2019 13 Jun

Content migration in Drupal from XML Source

By Sachin Tibrewal

data migration

migration

Drupal 8 migration

migration in Drupal 8

One of our recent posts talks about migration API in Drupal 8, the basics of migration and migrating data for various field types from a CSV source. Some frameworks and CMS such as Wordpress, etc allow the data to be exported in XML format (or JSON format if certain extensions are available). And more often than not, we find another agency providing us with the XML data of the site which needs to be migrated to Drupal. In this post, we see how content can be migrated to Drupal from an XML source.

Note: It is not a pre-requisite but basic knowledge of XPath selectors can be very helpful.

The major requirements/dependencies that need to be fulfilled are as follows:

Custom module - It contains scripts that will be imported when the module is installed and must have these dependencies: Migrate, Migrate Plus, Migrate Tools.
The main objective for creating a custom module is that when content is successfully migrated and requires no further updates, removing the custom module will remove the migration scripts that were imported without affecting any other workflow on the site.
Source XML file - This file can be external (must be accessible over HTTP) or locally stored (in private file directory).

Writing migrating scripts:

Assuming we are acquainted with basic elements in a migration script such as id, label, migration group, etc., we move on to the most important components of the migration scripts:
Source ~ Process ~ Destination

Let’s have a look at the important parameters that need to be defined.

Source
- url - Source plugin used.
- data_fetcher_plugin - Defines how to retrieve the source data, either a general URL/local file or over an HTTP connection.
- data_parser_plugin - Defines the format for parsing source data such as JSON, XML, soap.
- urls - URL to file or storage path to file with a stream wrapper (can be multiple).
- item_selector - Data is parsed as nodes in XML using XPath selectors.
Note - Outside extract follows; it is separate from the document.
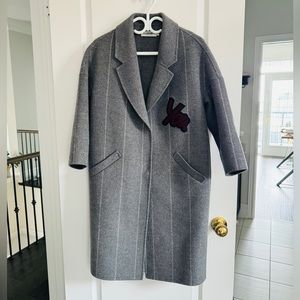 100% Wool Coat in Grey w Stripes - Size M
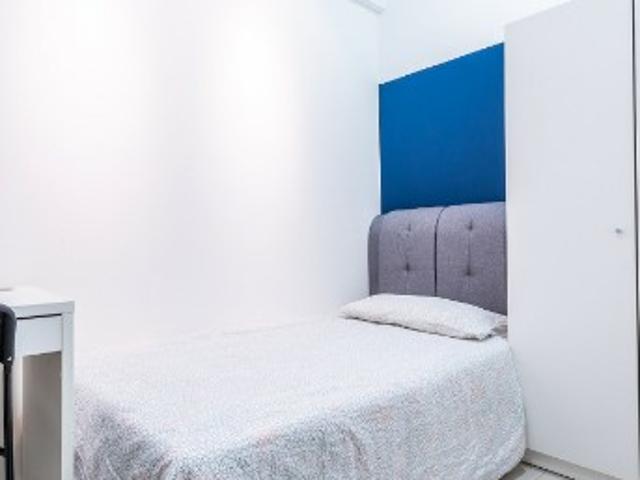 Room for rent in Petaling, Alam Impian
This property identifies the individual item to be migrated.
- fields - Under this parameter, we map the fields to machine names that can be used in the process part of the migration. Each field will have three keys linked to itself: name, label, selector.
  - ‘name’ - unique name to identify the field in other parts of the migration.
  - ‘label’ - describes the type of data.
  - ‘selector’ - the XPath selector relative to the path defined in item_selector to extract the data for the field from the source file.
- ids - Defines the unique key to be used for mapping in migration tables.
Process
This part has a general template for any migration with any source plugin. The values mapped under the ‘fields’ parameter in the source plugin is manipulated using various process plugins and then assigned to fields of the entities being migrated. We can use the result of one process plugin as the input for another through chaining.
Destination
Destination plugin defines the target entity to be created using the resultant data from the process plugin.

Here’s an illustration that depicts the process of migration of files.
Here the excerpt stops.